◆ **Information shown**
......

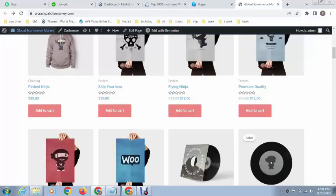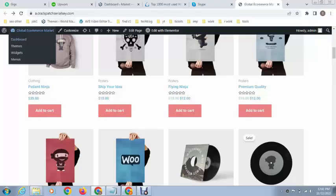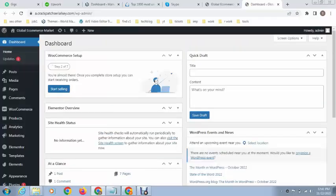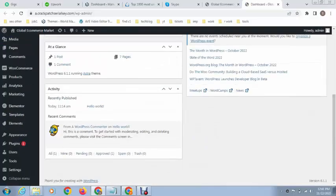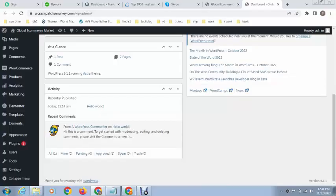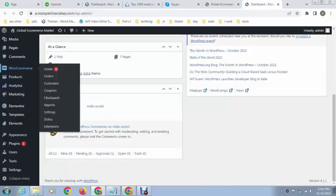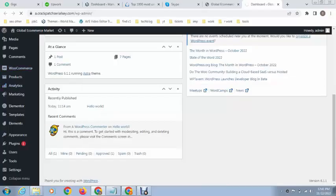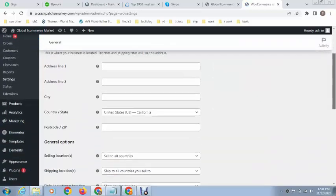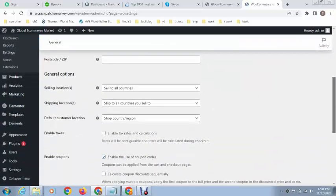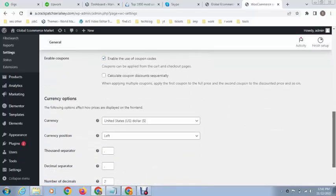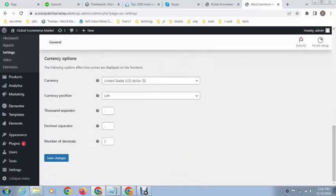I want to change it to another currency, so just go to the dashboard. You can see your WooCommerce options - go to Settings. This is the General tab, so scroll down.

......

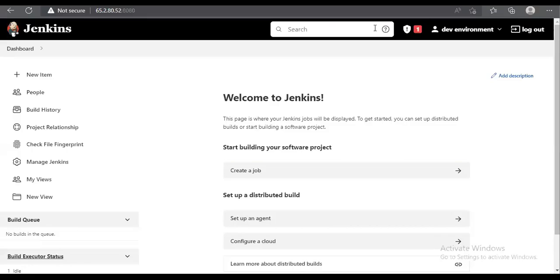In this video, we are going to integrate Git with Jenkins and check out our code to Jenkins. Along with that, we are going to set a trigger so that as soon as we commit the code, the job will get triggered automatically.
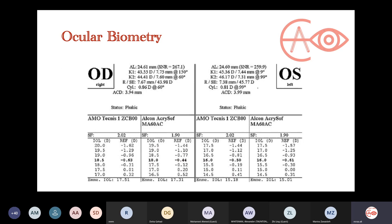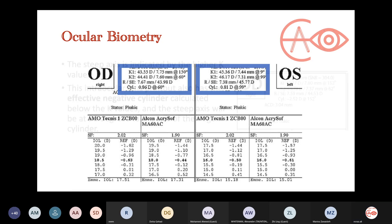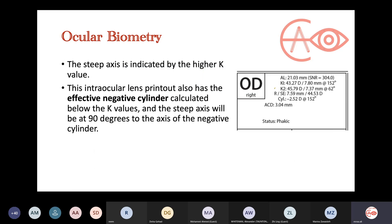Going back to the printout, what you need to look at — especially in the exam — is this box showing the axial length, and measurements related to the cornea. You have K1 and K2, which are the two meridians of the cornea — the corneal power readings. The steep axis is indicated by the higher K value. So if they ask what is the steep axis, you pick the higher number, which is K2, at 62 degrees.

......

◆ **What is being asked**
Looking at the listing above, which lines run from the one containing "In this video, we" through the one containing "Going back to"? Print exactly those, ends included, pictures excluded.

◆ **Response**
In this video, we are going to integrate Git with Jenkins and check out our code to Jenkins. Along with that, we are going to set a trigger so that as soon as we commit the code, the job will get triggered automatically.
Going back to the printout, what you need to look at — especially in the exam — is this box showing the axial length, and measurements related to the cornea. You have K1 and K2, which are the two meridians of the cornea — the corneal power readings. The steep axis is indicated by the higher K value. So if they ask what is the steep axis, you pick the higher number, which is K2, at 62 degrees.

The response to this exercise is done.